Writing in the Daily Telegraph, he said his "incomplete" analysis in the 1990s led to the wrong policies.

Early and tough intervention was needed with a small number of "highly dysfunctional" families who did not respond to investment, said Mr Blair.

He said Tory leader David Cameron was now repeating his mistake of the 1990s.

However, shadow home secretary David Davis said Mr Blair was "simply deceiving himself about the facts of life in Britain" and that the rate of family breakdown had increased under the Labour government.

"It is undoubtedly true that youngsters from broken homes are more likely to get into trouble, to be involved in anti-social behaviour and, in some cases, to be involved in crime," he said.

Moss Side

Mr Cameron's recent speech on "civility" made a similar analysis to that of Mr Blair in 1992, assuming the problem of anti-social behaviour and lack of respect was with "society as a whole", said the prime minister.
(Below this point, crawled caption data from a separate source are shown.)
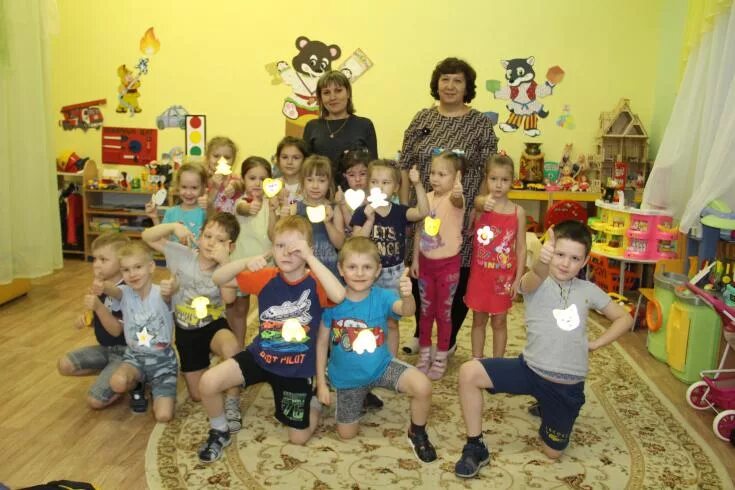 воспитатель в саду. верхняя пышма детский сад номер 9. 29 садик верхняя пышма. детский сад 29 минусинск. татьяна евгеньевна воспитатель верхняя пышма.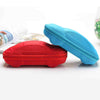 Multifunctional Car Pen Bag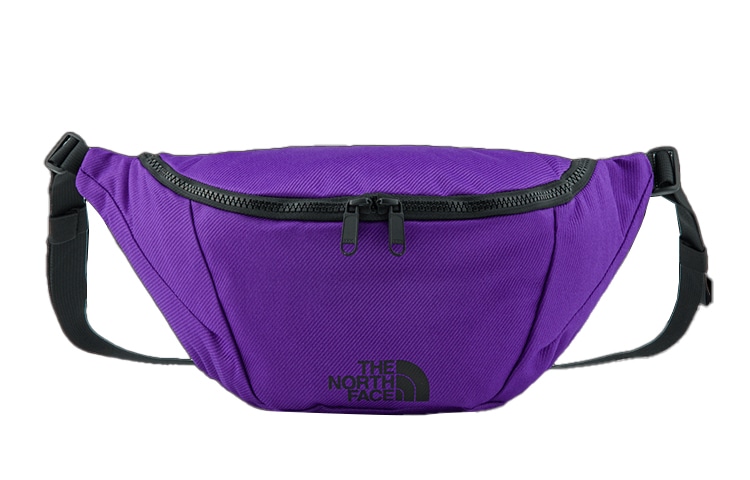 Сумки The North Face UE Purple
But after 10 years in power, during which he had "immersed" himself in the subject, Mr Blair said he no longer agreed with that view.

He said crime had gone down under Labour and investment had "transformed" city centres and public services.

A nanny state is what they need - for their sake as much as for ours
Tony Blair

But while regeneration was the right thing to do, it had not dealt with the "small and unrepresentative minority" of families creating havoc in some communities, he wrote.

BBC political correspondent, Sean Curran, said it was not the first time Tony Blair had tried to refocus the political debate about families in order to concentrate on a hardcore of dysfunctional families.

Earlier this year he argued there was a "specific problem with specific families", rather than a general breakdown in society, and called for tough measures at a very early stage.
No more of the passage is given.